> **ASSIGNMENT**
Pictures do not belong in your copy. Repeat all the other data exactly.

> **GIVEN MATERIAL**
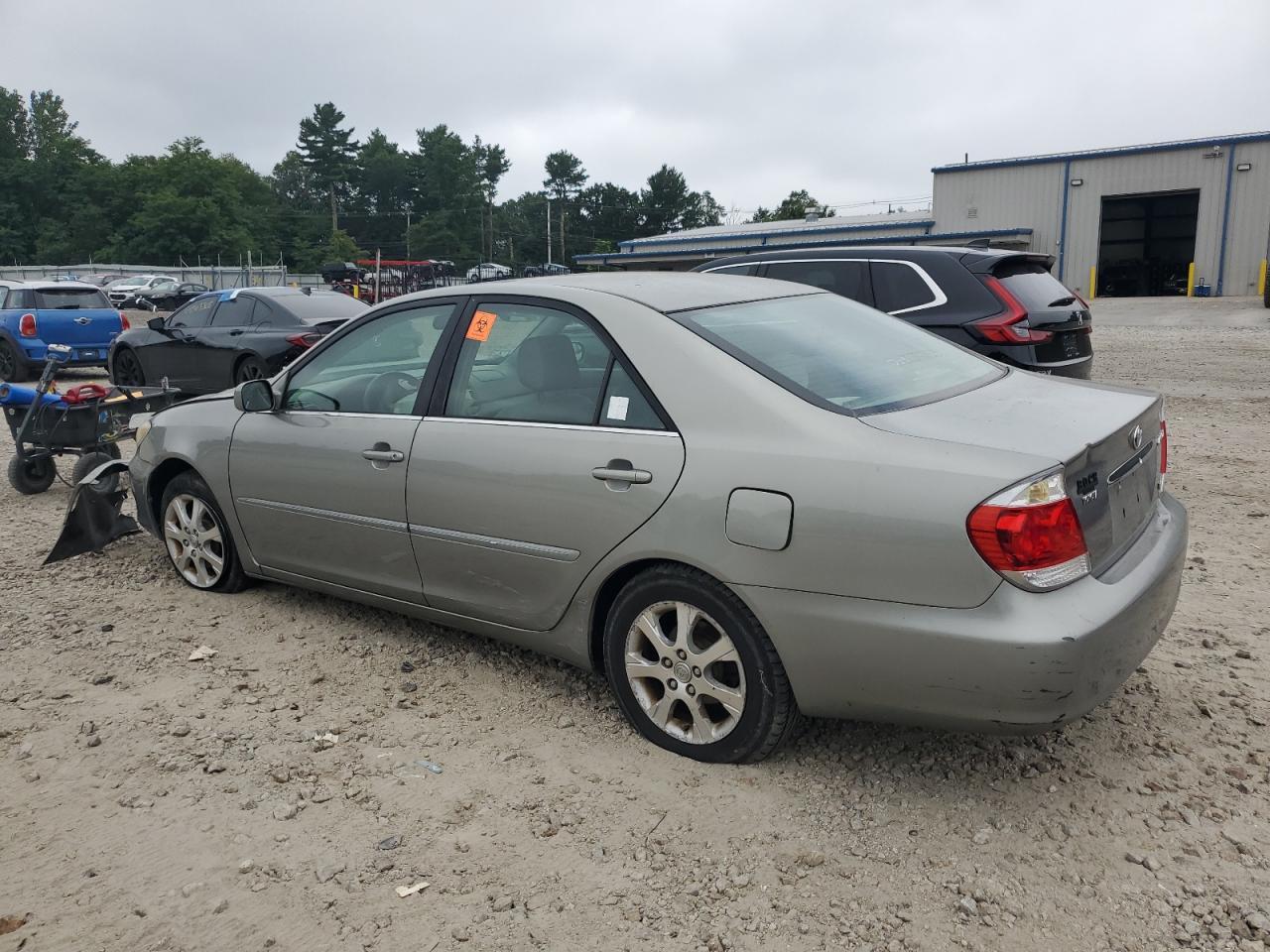 2005 Toyota Camry Le - Image 2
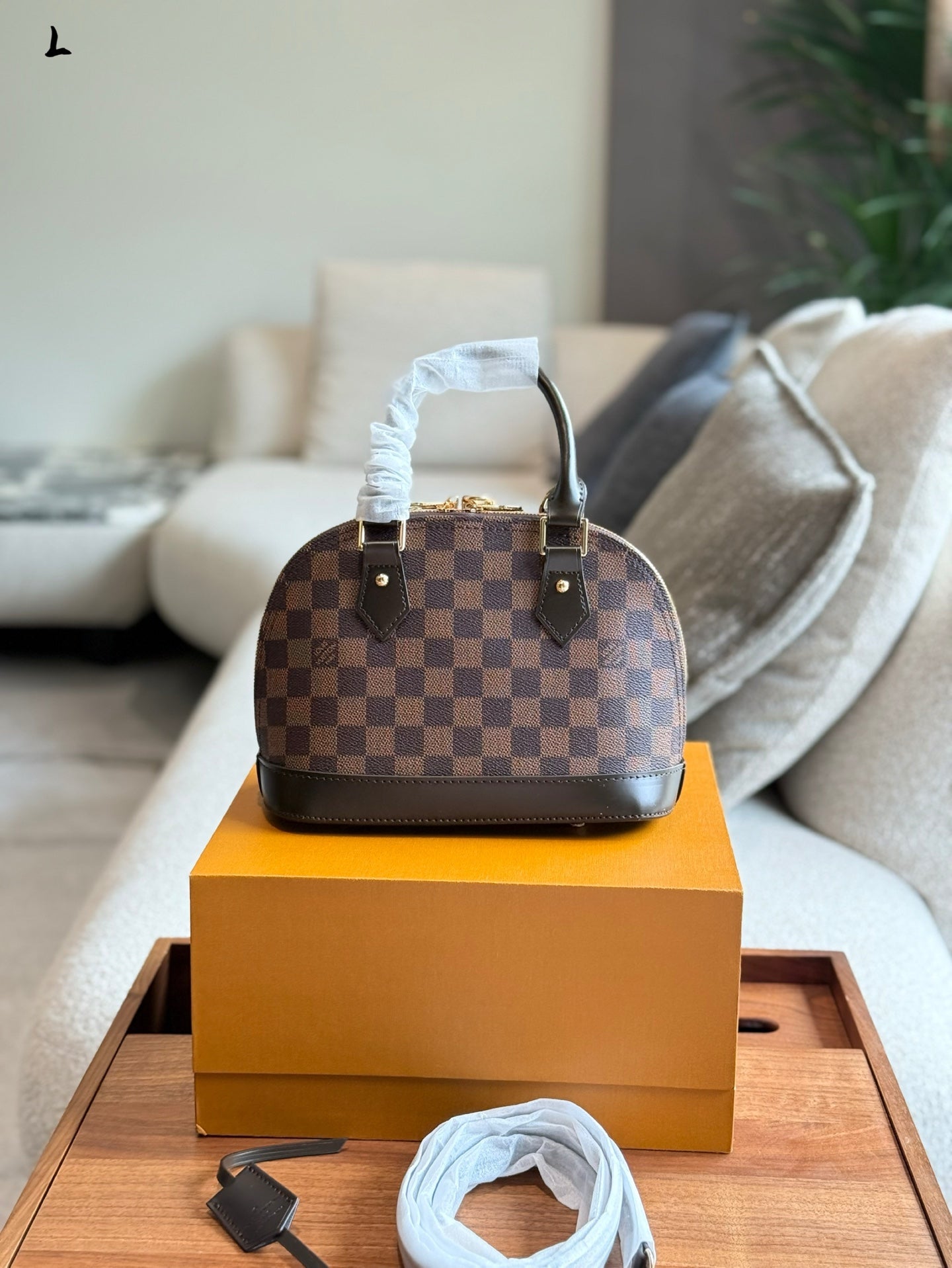 Classic Checkerboard Shell Bag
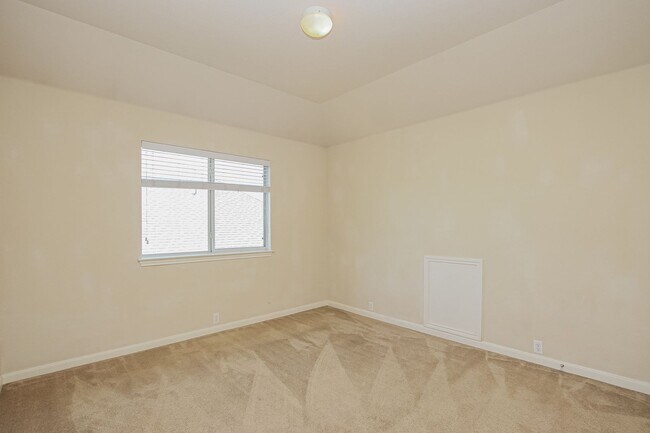 Building Photo - Immaculate Cedar Park home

> **RESULT OF THE TASK**
 2005 Toyota Camry Le - Image 2
 Classic Checkerboard Shell Bag
 Building Photo - Immaculate Cedar Park home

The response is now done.